After a vote recount, Mike Jamieson is the new councillor for Calgary’s Ward 12.
Initial counting showed Jamieson ahead of closest competitor, Sarah Ferguson, by 29 votes. Ferguson asked for a recount, which showed Jamieson was actually ahead by 59 votes, with the final official counts at electionscalgary.ca of 6,865 votes for Jamieson and 6,806 for Ferguson.
The Calgary election was fraught with processes that raised the ire of voters, not the least of which was the return to paper ballots and the elimination of electronic tabulators, a mandate of the Alberta Government, which led to long lineups at many polling stations.

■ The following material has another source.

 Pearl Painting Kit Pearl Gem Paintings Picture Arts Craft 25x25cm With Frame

After the Jamieson/Ferguson recount, former Alberta Justice Minister Jonathan Denis, a member of Jamieson’s campaign team, questioned the recount process as well.
“First, we were told the recount could take place within five days after the preliminary results were released, which was Tuesday, so we could have had the recount up until Sunday (Oct. 26) to be completed,” Denis told Western Standard.

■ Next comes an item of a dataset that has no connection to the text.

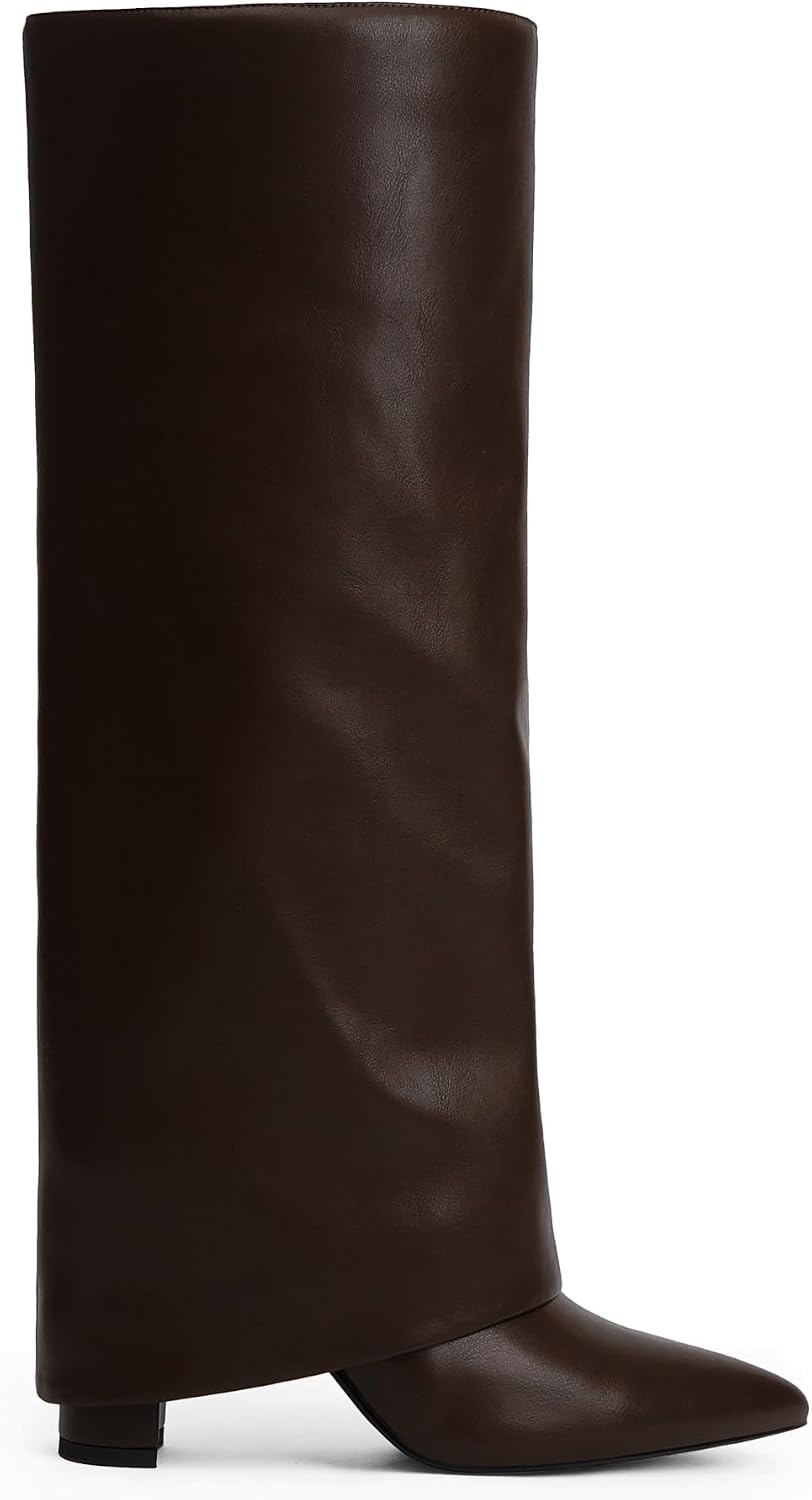 Detalle 2 de Modatope Fold Over Knee High Boots Chunky Heels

“But, we were advised, with no scheduling accommodations or anything, at 10:28 Wednesday night that the recount would take place at nine o'clock, Thursday morning, which gave us very little time to assemble Mike’s team to monitor the process.”
“What followed was a huge, last-minute overnight effort by our team to assemble scrutineers, volunteers, and a legal team to make sure the recount went fairly.”
Denis encourages the city to look into and review its election processes because not every candidate could have put a team together overnight with less than the required amount of notice.
He added the process meant Jamieson’s team wasn’t permitted to see all of the ballots, only the ones related to them.
“Again, in the interest of our democracy, I am just hoping that the city looks at some better election processes that are more accommodating to all candidates.”
“We're obviously happy with the results, but at the same time, Mike has a lot of support. Not everybody would be able to go and assemble a team like that with such short notice.”
Denis did not dislike the elimination of tabulators.
“I definitely think the process needs to be improved, but the one thing I'm happy about is paper ballots are still the best way for security to do a recount,” he said. “If they ever brought back the tabulators, they should never replace paper ballots. So perhaps you can look at bringing back the tabulators for paper ballots, but there's nothing that should ever replace paper ballots. It is still the most secure system where we can understand a voter's intention.”
The A Better Calgary Party , of which Jamieson is a member, said in a statement after the recount, “With Mike on council, there will be six solid conservatives and two others who lean conservative, providing the eight votes necessary to get important things done at city hall.”